O PL do estupro teve ampla rejeição da sociedade à proposta, expressa em manifestações por todo o país, em enquete organizada pela Câmara dos Deputados/as (88% de respondentes manifestam total discordância), pesquisas de opinião (Datafolha indicou que 66% da população, ou seja, duas em cada três pessoas entrevistadas são contra o PL). Por isso, houve um recuo da parte da Câmara dos Deputados, expresso no anúncio do presidente Arthur Lira de que será criada uma comissão representativa, com participação de diferentes partidos, para a discussão do PL. A questão está longe de ser superada, contudo. O próprio Sóstenes Cavalcante já afirmou que, se o PL que propõe é mais brando do que o Estatuto do Nascituro, pode ser trazido de volta à pauta por ele. Além disso, o apoio ao PL não encontrou eco apenas na bancada evangélica, mas também a Confederação Nacional dos Bispos (CNBB) manifestou-se favoravelmente a ele.
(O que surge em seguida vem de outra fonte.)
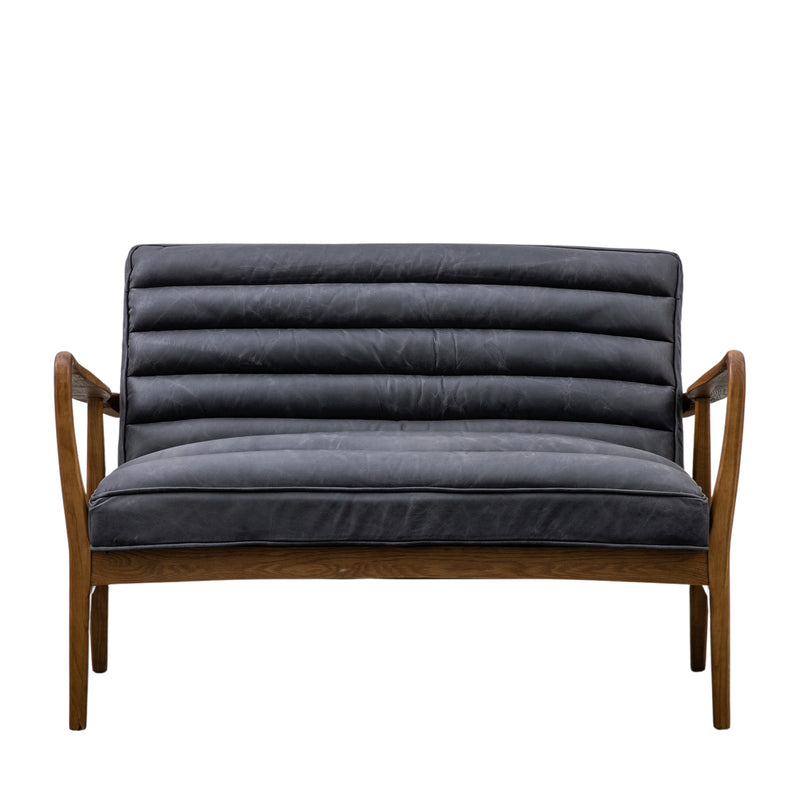 Oskar Black Leather Sofa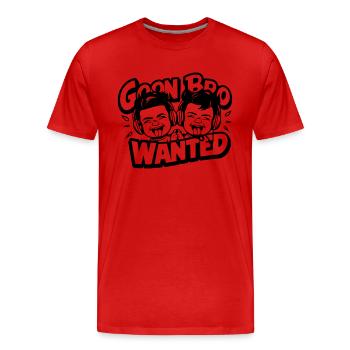 Goon Bro Gesucht - Goon Bro Wanted - Men's Premium Organic T-Shirt - red - Front - Damien (186cm)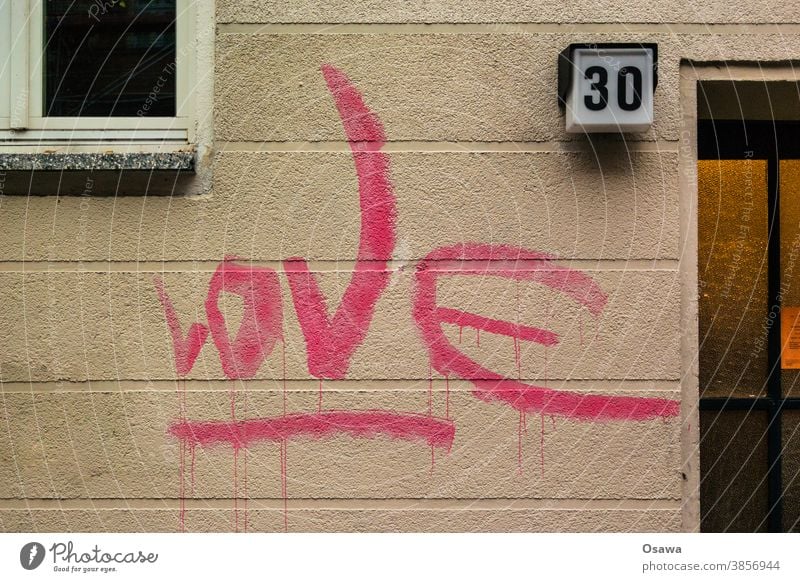Love 30 House (Residential Structure) Building Facade Window Graffiti Architecture Manmade structures Deserted Exterior shot Town Wall (building) masonry Text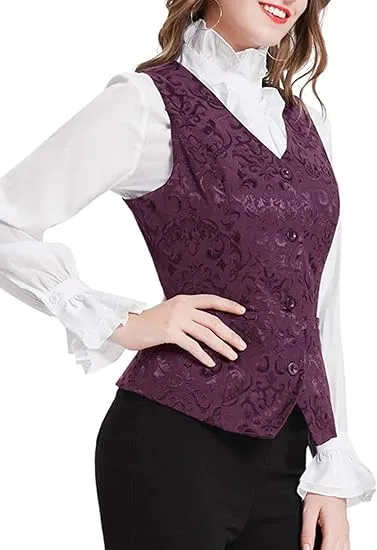 Waistcoat Vest Vintage Steampunk Dress Jacquard Jacket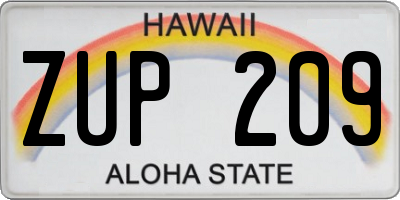 HI license plate ZUP209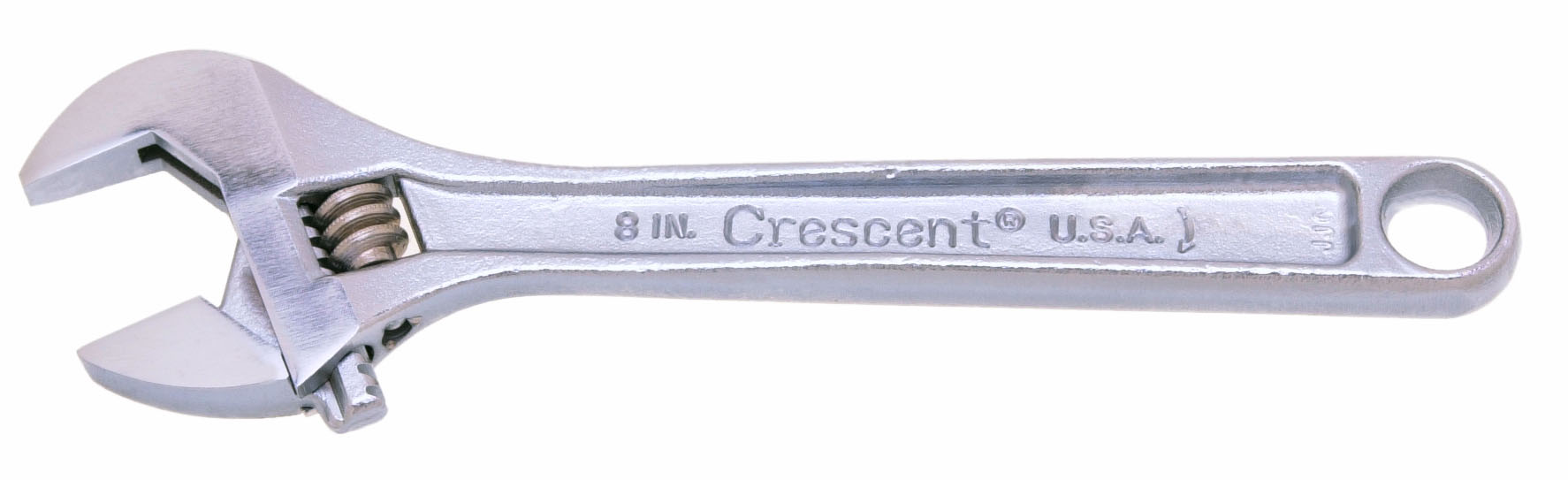 8" Chrome Finish Adjustable Wrench, Carded
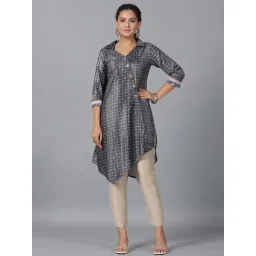 Juniper Green Geometric Printed Velvet Asymmetric Kurta-picture-14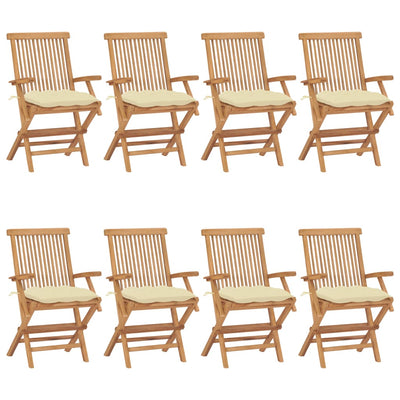 Garden Chairs with Cream White Cushions 8 pcs Solid Teak Wood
Dessa forma, para além de discutir sobre o caso em si, interessa-nos entendê-lo em um contexto político e de políticas públicas mais amplo, para refletir sobre os direitos sexuais e reprodutivos das mulheres e sua interface com o Campo de Públicas.

Podemos iniciar pela discussão do contexto político, sem o qual não é possível compreender o processo de políticas públicas. Para compreendermos a conjuntura política em que nos encontramos, ajuda mergulharmos no debate sobre gênero e fundamentalismos, sendo um excelente guia o recém-lançado livro de Judith Butler “Quem tem medo do gênero?”. O ponto de partida do livro é a experiência da autora ao visitar o Brasil, em 2017, para uma palestra no SESC de São Paulo, quando um grupo de manifestantes de extrema-direita mobilizou-se contra ela, inclusive queimando sua imagem representada como bruxa. Nesse seu livro mais recente, Butler reflete como gênero tornou-se um componente central dos discursos políticos conservadores e fundamentalistas, atuando de forma fantasmagórica, por meio do espectro da ideologia de gênero, produzindo pânico moral e sendo mobilizado por grupos políticos e governos autoritários de extrema-direita. 
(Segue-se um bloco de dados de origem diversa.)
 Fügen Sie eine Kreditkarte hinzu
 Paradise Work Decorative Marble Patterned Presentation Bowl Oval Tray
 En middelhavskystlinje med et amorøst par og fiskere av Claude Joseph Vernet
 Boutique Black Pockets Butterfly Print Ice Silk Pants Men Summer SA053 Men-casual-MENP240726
No Brasil, a disputa política (que é também discursiva e ideológica) em torno do gênero é bastante curiosa. Parte expressiva do campo progressista não atribui a mesma prioridade às pautas feministas, dos movimentos LGBTQIA+ e antirracistas, dentre outras, que a extrema-direita atribui. As desigualdades ainda são compreendidas a partir de um olhar economicista, que estreita muito os horizontes e só permite enxergar os conflitos distributivos de renda e riquezas a partir da perspectiva de classe social, transformando o debate sobre gênero, raça e suas interseccionalidades em “identitarismo” ou em “pauta de costumes”. Recorrendo a Marx, em sua discussão com o cidadão Weston, poderíamos dizer que essa abordagem é tão limitada que poderia caber em uma casca de noz.
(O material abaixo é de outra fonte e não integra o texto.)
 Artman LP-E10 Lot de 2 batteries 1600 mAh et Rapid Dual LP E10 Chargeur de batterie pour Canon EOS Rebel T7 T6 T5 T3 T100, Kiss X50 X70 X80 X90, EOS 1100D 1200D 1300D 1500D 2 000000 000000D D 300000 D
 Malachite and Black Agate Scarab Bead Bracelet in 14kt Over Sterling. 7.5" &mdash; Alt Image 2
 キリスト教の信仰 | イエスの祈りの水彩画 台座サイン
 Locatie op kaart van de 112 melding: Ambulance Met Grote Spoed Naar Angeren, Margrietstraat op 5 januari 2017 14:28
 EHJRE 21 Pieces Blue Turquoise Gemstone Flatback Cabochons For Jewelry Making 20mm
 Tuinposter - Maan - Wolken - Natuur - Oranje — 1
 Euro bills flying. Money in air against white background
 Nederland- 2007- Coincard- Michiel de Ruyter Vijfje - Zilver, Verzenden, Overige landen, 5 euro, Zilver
Primeiro, porque ela parte de uma compreensão limitada sobre identidade; essa é sempre construída a partir da ideia da alteridade, ou seja, do “outro”, sendo o “outro” os sujeitos políticos que sofrem os efeitos negativos das relações de poder e de dominação. A identidade é “ ser mulher”, “ser pessoa negra”, “ser LGBTI+”, “ser indígena”. Não são compreendidas como identidades “ser pessoa branca”, “ser homem”, “ser cisheterossexual”, ou seja, as expressões identitárias dos grupos privilegiados por essas relações de poder. Esse é um recurso discursivo clássico das ideologias dominantes, que é o de se confundir com o senso comum, com o universal.

Em segundo lugar, a leitura de que os direitos sexuais e reprodutivos de meninas e mulheres é uma pauta de costumes e que essa representa um contraponto à pauta econômica, como diria Débora Diniz, obscurece o fato de que se trata, na verdade, de uma pauta sobre justiça e igualdade. Costumes se estabelecem a partir da reiteração de hábitos, que se enraizam na cultura de uma comunidade. No entanto, esses costumes não “flutuam no ar”; eles são enraizados em relações sociais de gênero que, interseccionadas com raça, classe, entre outras, produzem desigualdades e cristalizam-se em tais costumes.

Não é possível, portanto, separar as ditas pautas econômicas e de costumes porque não se separa como se produz e reproduz a vida em uma sociedade de seus valores, ideologias e discursos. Portanto, garantir o aborto legal, seguro e gratuito a quem tem direito não é uma pauta menor ou dissociada da pauta econômica. Como podemos concluir a partir das reflexões de Débora Diniz, uma menina que é mãe na adolescência vê sua vida transformada: é atravessada pela violência e seus traumas, pode deixar de ir à escola, perder oportunidades de trabalho e de construir um futuro, e, sobretudo, de ser feliz. E essas meninas não são abstrações, elas são principalmente meninas negras, empobrecidas, das regiões Norte e Nordeste. Portanto, as desigualdades, compreendidas em sua complexidade, demandam uma abordagem interseccional, que articule classe, gênero, raça, etnia, idade/geração e outros marcadores sociais e, assim, não contraponham “pautas econômicas e de costumes”.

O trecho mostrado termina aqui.